* **WORK ITEM**:
Restate the entries word for word, leaving nothing out.

====================

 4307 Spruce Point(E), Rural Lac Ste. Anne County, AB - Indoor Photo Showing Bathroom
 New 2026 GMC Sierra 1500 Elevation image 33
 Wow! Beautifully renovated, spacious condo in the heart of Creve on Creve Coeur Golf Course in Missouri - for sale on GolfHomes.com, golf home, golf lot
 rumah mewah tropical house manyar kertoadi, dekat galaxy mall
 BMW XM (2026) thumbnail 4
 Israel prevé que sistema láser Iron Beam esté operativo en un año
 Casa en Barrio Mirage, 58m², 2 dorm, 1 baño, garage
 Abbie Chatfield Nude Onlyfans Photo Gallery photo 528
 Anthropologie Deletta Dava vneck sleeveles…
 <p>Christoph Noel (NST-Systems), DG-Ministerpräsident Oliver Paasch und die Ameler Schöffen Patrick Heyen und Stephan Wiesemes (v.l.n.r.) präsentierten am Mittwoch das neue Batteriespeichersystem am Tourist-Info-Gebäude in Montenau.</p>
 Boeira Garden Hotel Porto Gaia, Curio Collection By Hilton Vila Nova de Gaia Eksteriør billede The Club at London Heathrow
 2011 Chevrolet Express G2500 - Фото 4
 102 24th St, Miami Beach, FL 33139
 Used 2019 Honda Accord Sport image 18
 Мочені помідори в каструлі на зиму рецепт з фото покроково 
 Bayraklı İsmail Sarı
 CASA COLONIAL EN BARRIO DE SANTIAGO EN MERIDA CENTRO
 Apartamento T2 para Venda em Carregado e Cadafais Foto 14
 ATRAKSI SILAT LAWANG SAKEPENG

====================

* **REPLY TO THE TASK**:
 4307 Spruce Point(E), Rural Lac Ste. Anne County, AB - Indoor Photo Showing Bathroom
 New 2026 GMC Sierra 1500 Elevation image 33
 Wow! Beautifully renovated, spacious condo in the heart of Creve on Creve Coeur Golf Course in Missouri - for sale on GolfHomes.com, golf home, golf lot
 rumah mewah tropical house manyar kertoadi, dekat galaxy mall
 BMW XM (2026) thumbnail 4
 Israel prevé que sistema láser Iron Beam esté operativo en un año
 Casa en Barrio Mirage, 58m², 2 dorm, 1 baño, garage
 Abbie Chatfield Nude Onlyfans Photo Gallery photo 528
 Anthropologie Deletta Dava vneck sleeveles…
 <p>Christoph Noel (NST-Systems), DG-Ministerpräsident Oliver Paasch und die Ameler Schöffen Patrick Heyen und Stephan Wiesemes (v.l.n.r.) präsentierten am Mittwoch das neue Batteriespeichersystem am Tourist-Info-Gebäude in Montenau.</p>
 Boeira Garden Hotel Porto Gaia, Curio Collection By Hilton Vila Nova de Gaia Eksteriør billede The Club at London Heathrow
 2011 Chevrolet Express G2500 - Фото 4
 102 24th St, Miami Beach, FL 33139
 Used 2019 Honda Accord Sport image 18
 Мочені помідори в каструлі на зиму рецепт з фото покроково 
 Bayraklı İsmail Sarı
 CASA COLONIAL EN BARRIO DE SANTIAGO EN MERIDA CENTRO
 Apartamento T2 para Venda em Carregado e Cadafais Foto 14
 ATRAKSI SILAT LAWANG SAKEPENG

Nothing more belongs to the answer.